[DATA SUPPLIED]
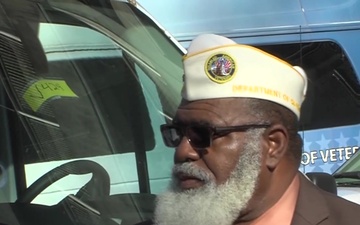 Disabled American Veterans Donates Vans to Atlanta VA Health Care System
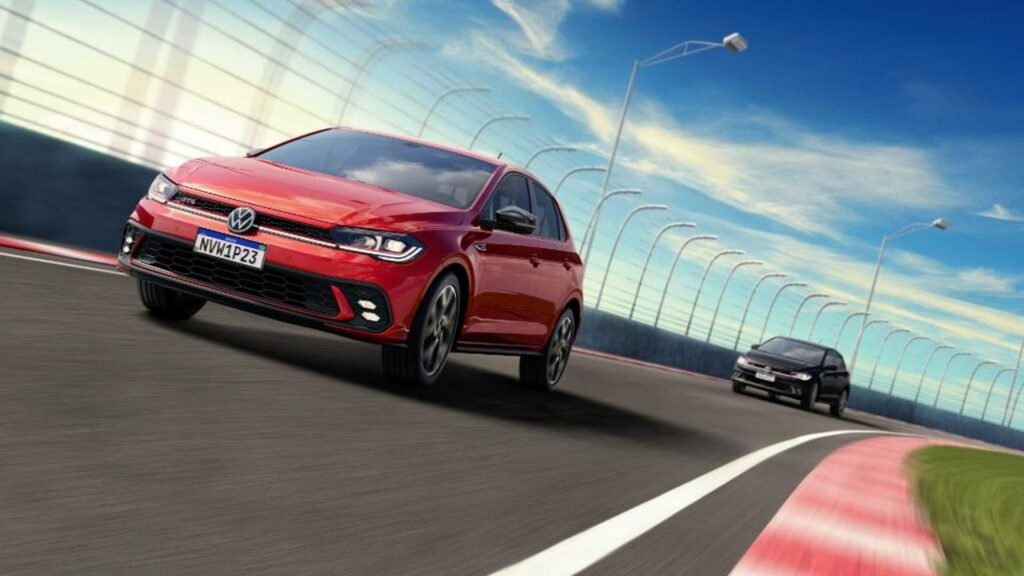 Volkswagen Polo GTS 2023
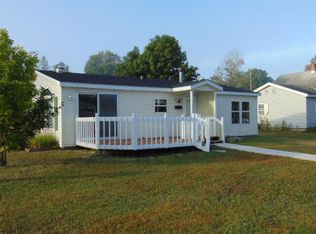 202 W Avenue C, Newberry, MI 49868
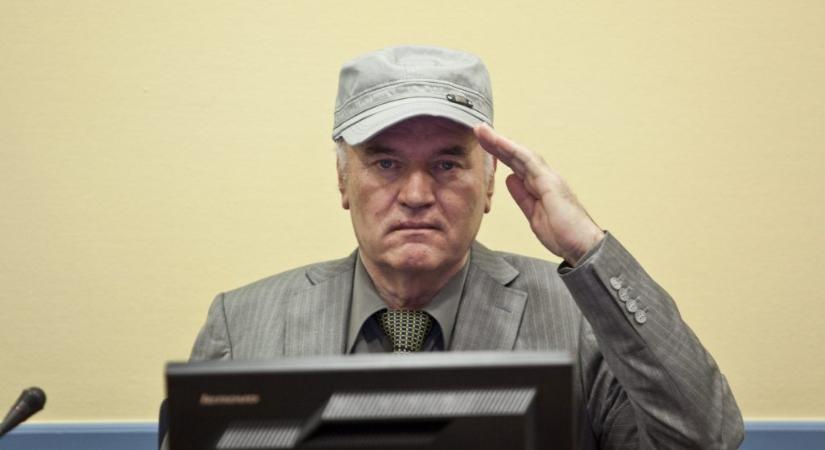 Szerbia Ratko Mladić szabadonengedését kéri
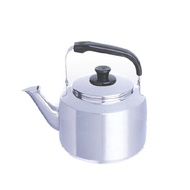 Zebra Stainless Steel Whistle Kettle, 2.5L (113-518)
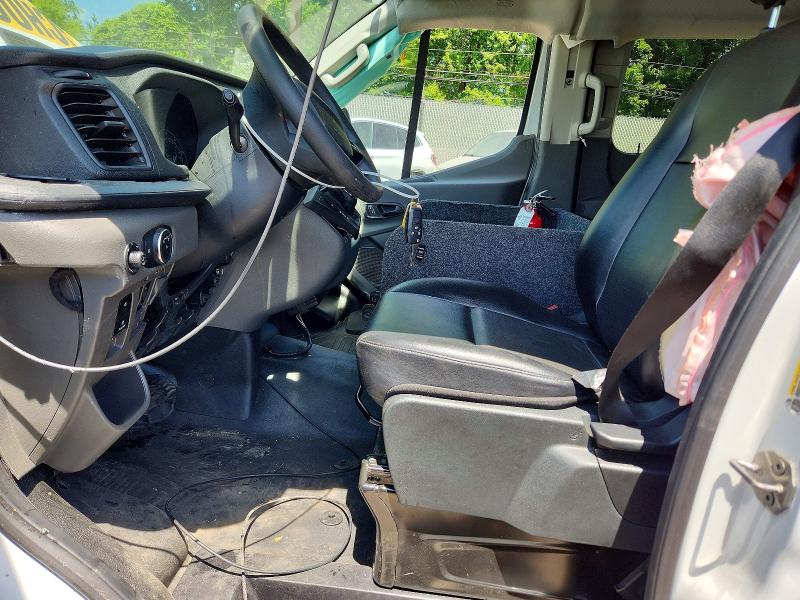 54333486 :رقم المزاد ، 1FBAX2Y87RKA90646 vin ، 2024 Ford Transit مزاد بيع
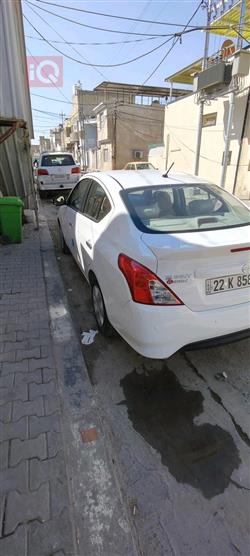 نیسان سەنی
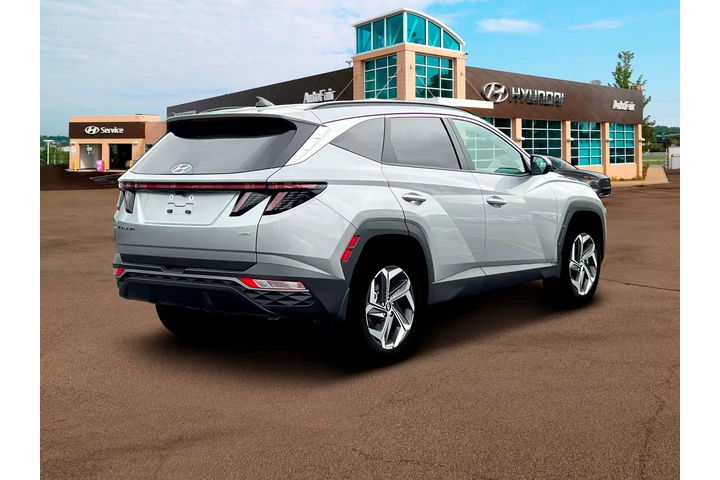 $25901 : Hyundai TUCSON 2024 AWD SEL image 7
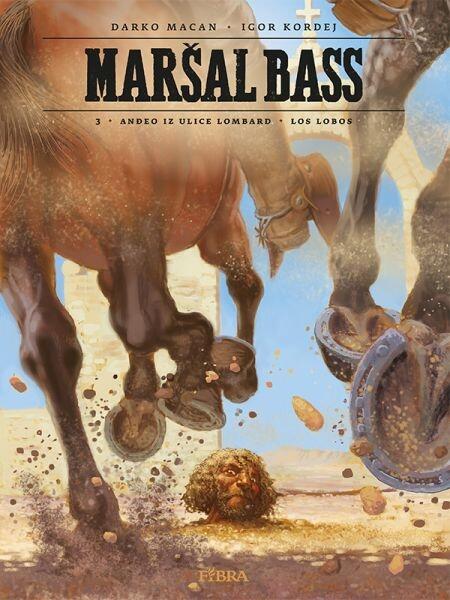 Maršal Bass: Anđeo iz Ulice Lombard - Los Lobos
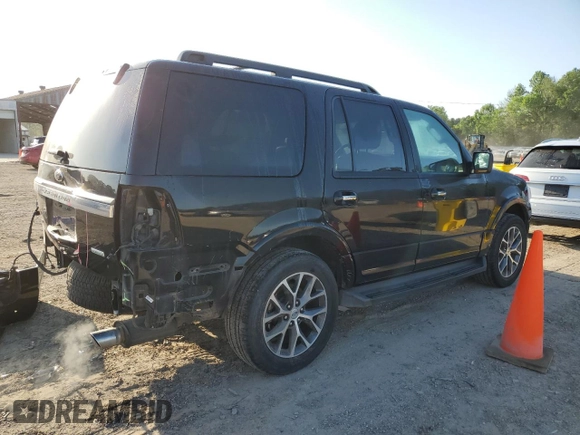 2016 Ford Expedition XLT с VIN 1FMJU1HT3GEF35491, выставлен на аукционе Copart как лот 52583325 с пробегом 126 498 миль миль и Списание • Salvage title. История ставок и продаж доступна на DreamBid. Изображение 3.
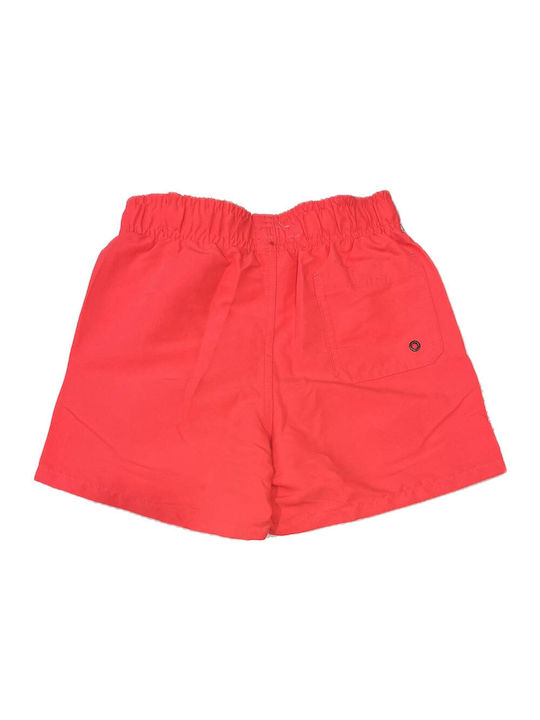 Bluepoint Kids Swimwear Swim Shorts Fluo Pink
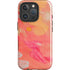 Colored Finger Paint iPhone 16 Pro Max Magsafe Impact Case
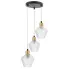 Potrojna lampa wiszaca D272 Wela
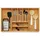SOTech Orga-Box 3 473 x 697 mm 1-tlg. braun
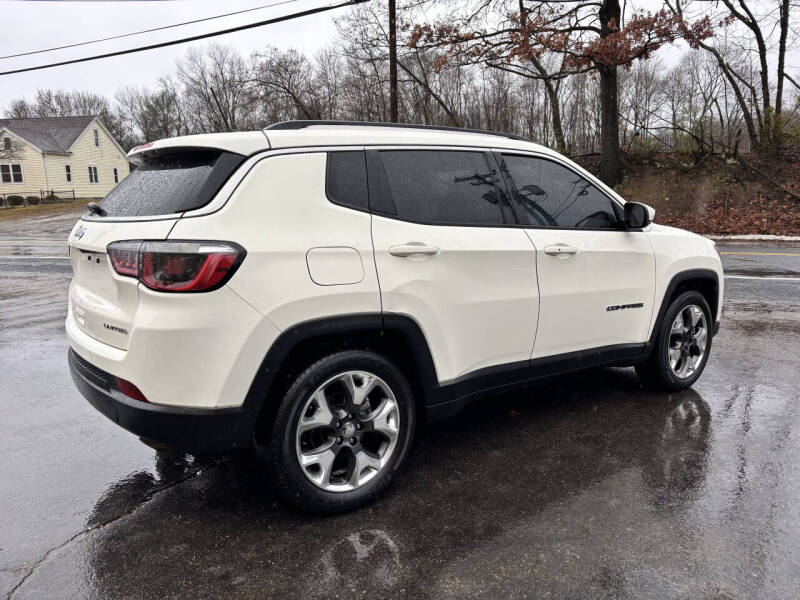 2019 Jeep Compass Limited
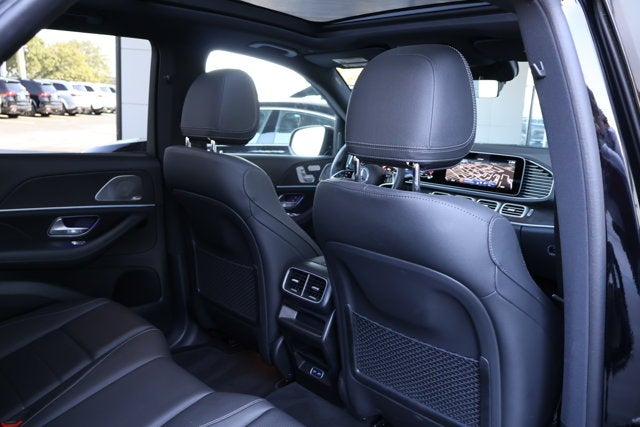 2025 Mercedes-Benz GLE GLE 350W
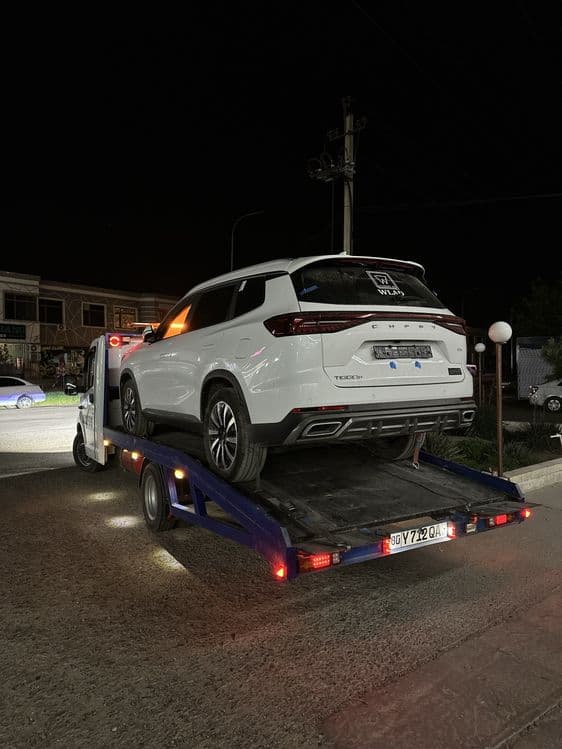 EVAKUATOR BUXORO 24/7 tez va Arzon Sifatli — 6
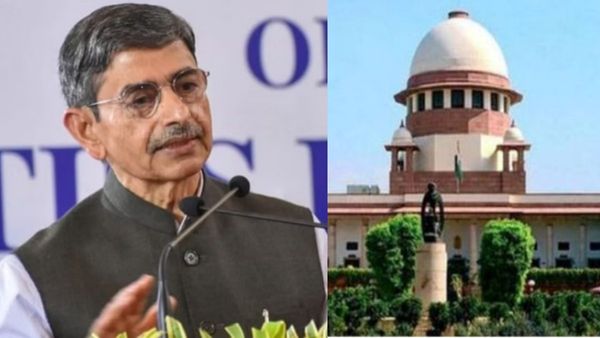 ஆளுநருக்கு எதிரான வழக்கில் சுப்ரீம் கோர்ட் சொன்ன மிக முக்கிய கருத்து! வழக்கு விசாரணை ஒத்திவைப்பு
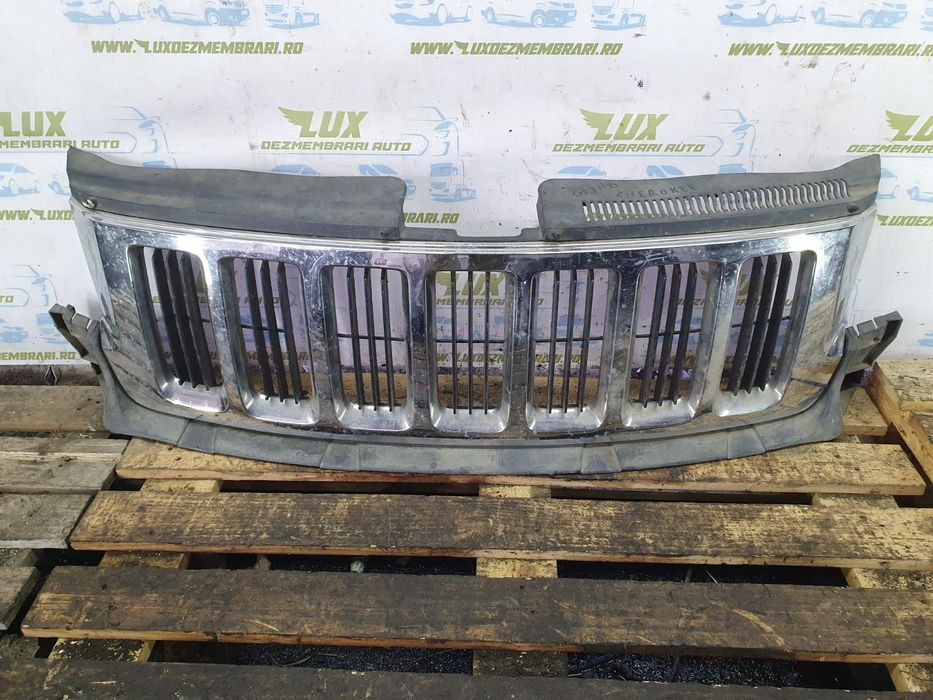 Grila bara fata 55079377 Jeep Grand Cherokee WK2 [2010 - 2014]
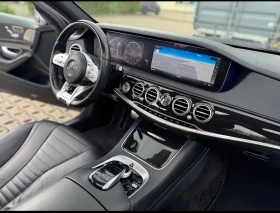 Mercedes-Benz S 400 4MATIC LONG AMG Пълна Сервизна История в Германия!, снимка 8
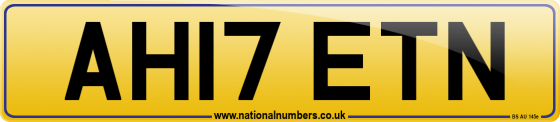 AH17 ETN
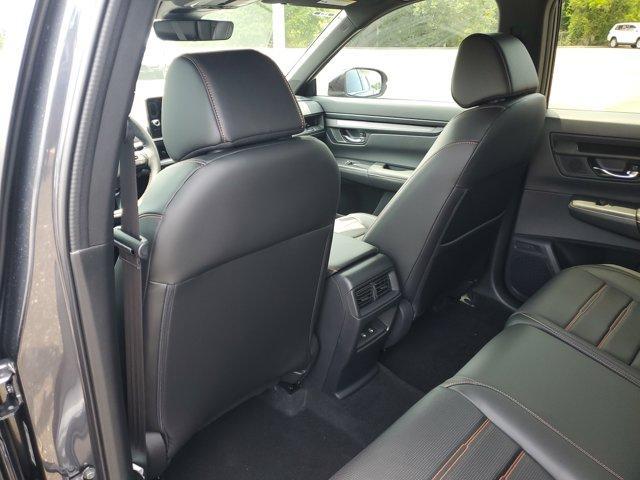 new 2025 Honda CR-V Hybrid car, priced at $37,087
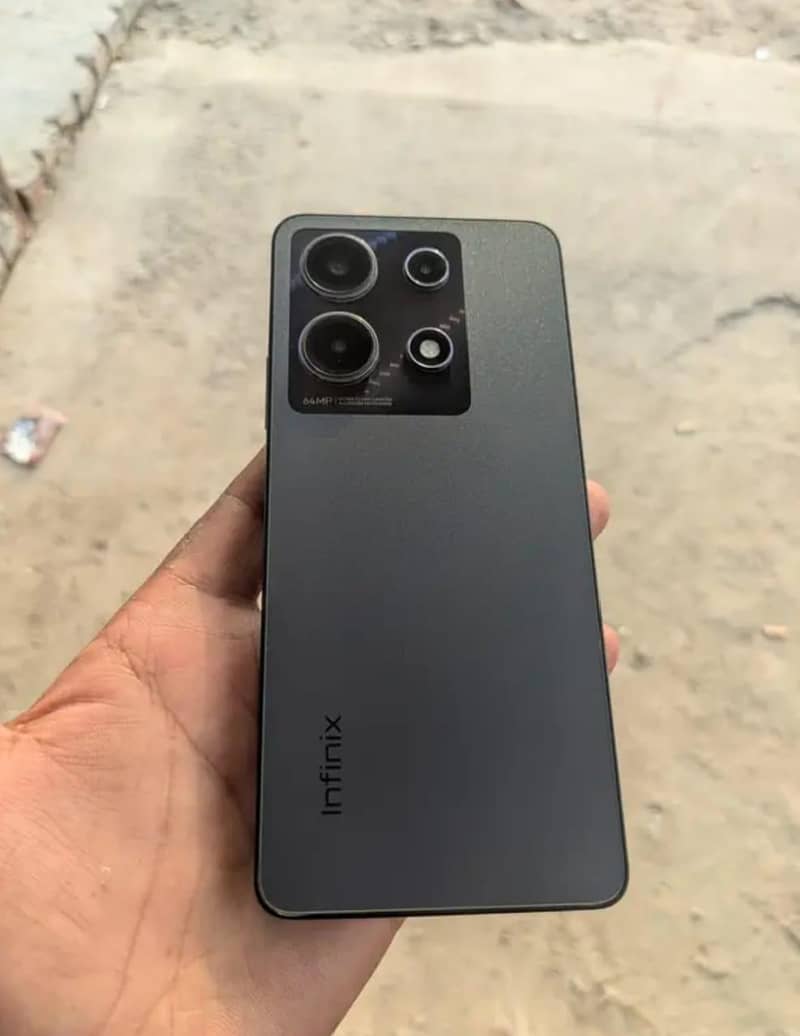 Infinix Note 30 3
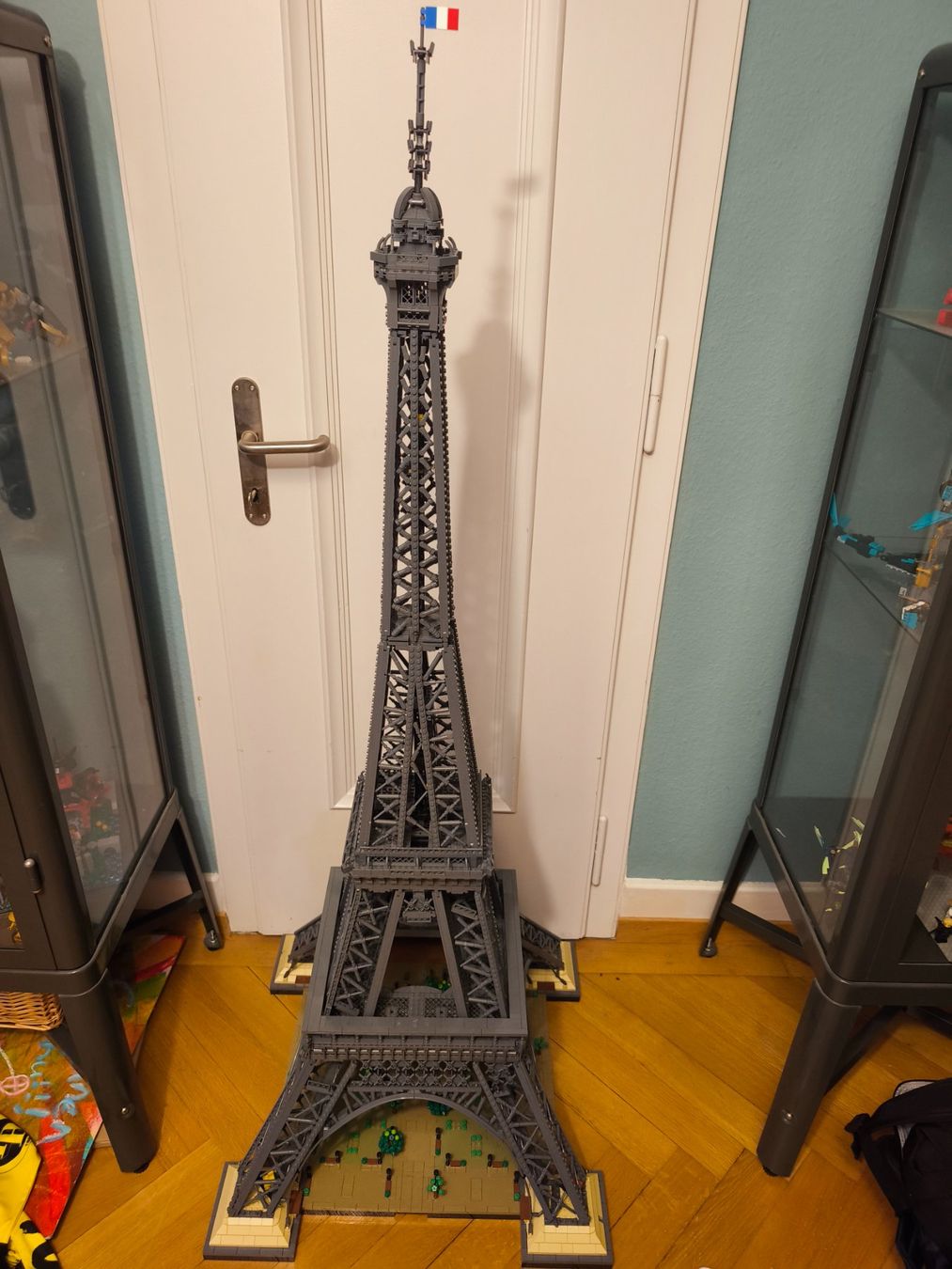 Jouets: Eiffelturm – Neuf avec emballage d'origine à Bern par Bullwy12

[TASK] Take the line containing "Mercedes-Benz S 400" and every line after it up to the end of the data, and write them out exactly, without the pictures.

[ANSWER FOR THE TASK]
 Mercedes-Benz S 400 4MATIC LONG AMG Пълна Сервизна История в Германия!, снимка 8
 AH17 ETN
 new 2025 Honda CR-V Hybrid car, priced at $37,087
 Infinix Note 30 3
 Jouets: Eiffelturm – Neuf avec emballage d'origine à Bern par Bullwy12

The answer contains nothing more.